Very nice indeed....

Reactions: Thank You! 1


----------



## David Hill (Mar 20, 2017)

Nice bowls--'specially the first! Admire your patience for working end grain--easy to bog that lathe down.
I too started with the same lathe--to see if I really _liked _it. Changing belt was challenging at first--seems I burned through quite a few, found the Kevlar ones lasted better.
I did the progression to bigger lathes--can tell you which ones not to get.

Reactions: Thank You! 1


----------



## C.L. Boyett (Mar 20, 2017)

rocky1 said:


> I've got it's Grizzly counterpart, and the guy I bought mine from told me from the get-





David Hill said:


> Nice bowls--'specially the first! Admire your patience for working end grain--easy to bog that lathe down.
> I too started with the same lathe--to see if I really _liked _it. Changing belt was challenging at first--seems I burned through quite a few, found the Kevlar ones lasted better.
> I did the progression to bigger lathes--can tell you which ones not to get.

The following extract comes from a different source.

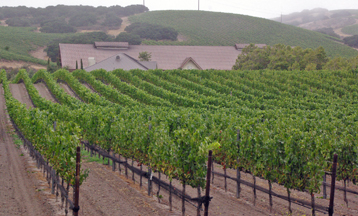 Foley Estates Vineyard and Winery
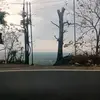 rarr_322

Im interested in any and all information or comments on what a good lathe would be. My budget however is not the greatest. I'm going to try to stay under 2 grand. I can come up with that fairly easy.


----------



## David Hill (Mar 20, 2017)

@C.L. Boyett --yep, did the same approach, bought several used lathes in my "ascension". From my experience, I'd say save some heartache and $$--give a Nova 1624 a hard look--it's the only lathe I ever bought NEW. Think it'll do you well.

Reactions: Like 1


----------